In one or more embodiments of the invention, the cyber-security module (106) stores copies of the meta-data (124A-124N) in a vault (116). This allows a copy of the original meta-data to be maintained that is not affected by any malicious outside influences. By comparing the meta-data (e.g., 124A-124N) stored in the cyber-security vault (e.g., 116) to backup meta-data (e.g., 126A and 126B) not stored in the vault, the cyber-security module may detect when changes have occurred to the backup that may be indicative of the data becoming corrupted or of a cyber-attack. The meta-data (e.g., 124A-124N) stored in the vault (116) may also be leveraged to determine which backups and/or parts of the backups are useful for restoring the production host's data (e.g., 122) after a cyber-attack, or as a result of corruption of at least some of the backup data (e.g., 128A and 128B).


The vault (e.g., 116) may be implemented using physical storage devices and/or logical storage devices. The physical storage devices may include any combination of hard disk drives, solid state disk drives, tape drives, and/or any other physical storage mediums for the storage of data.

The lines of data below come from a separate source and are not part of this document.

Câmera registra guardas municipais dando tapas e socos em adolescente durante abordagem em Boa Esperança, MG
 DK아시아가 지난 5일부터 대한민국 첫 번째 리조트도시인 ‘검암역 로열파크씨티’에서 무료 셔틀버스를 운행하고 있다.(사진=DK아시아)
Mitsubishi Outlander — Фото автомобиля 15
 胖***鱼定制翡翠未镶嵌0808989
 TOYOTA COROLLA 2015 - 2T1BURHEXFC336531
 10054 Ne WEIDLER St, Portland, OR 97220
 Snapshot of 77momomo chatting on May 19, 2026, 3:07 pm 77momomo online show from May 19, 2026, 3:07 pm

The logical storage devices (e.g., virtualized storage) may utilize any quantity of hardware storage resources of any number of computing devices for storing data. For example, the vault (116) may utilize portions of any combination of hard disk drives, solid state disk drives, tape drives, and/or any other physical storage medium of any number of computing devices.


In one or more embodiments of the invention, the cyber-security module (106) may include machine learning or artificial intelligence (AI) for detecting changes in data that are indicative of a cyber-attack. By monitoring the meta-data (e.g., 126A and 126B) and/or backup data (e.g., 128A and 128B) produced during one or more backups for changes in the data, the cyber-security module (106) may detect when changes occur in the data that may be indicative of a cyber-attack, such as a ransomware attack. Such indications may be, but not limited to, a detection that a hash value of the data unexpectedly changes or changes more than a preset threshold. Other unexpected changes that may be indicative of a cyber-attack, are changes in file type, encryption, and file size. The cyber-security module (106) also includes the ability to be updated. This allows the cyber-security module (106) to be able to detect future threats that are not currently anticipated.


In one or more embodiments of the invention, the cyber-security module (106) may include functionality to use services provided by the production host (e.g., 102). For example, the cyber-security module may use graphical user interfaces (GUI) provided by the production host (102) to alert a user that a cyber-attack may be occurring, or to receive feedback form a user or administrator of the system with regards to how to mitigate an attack.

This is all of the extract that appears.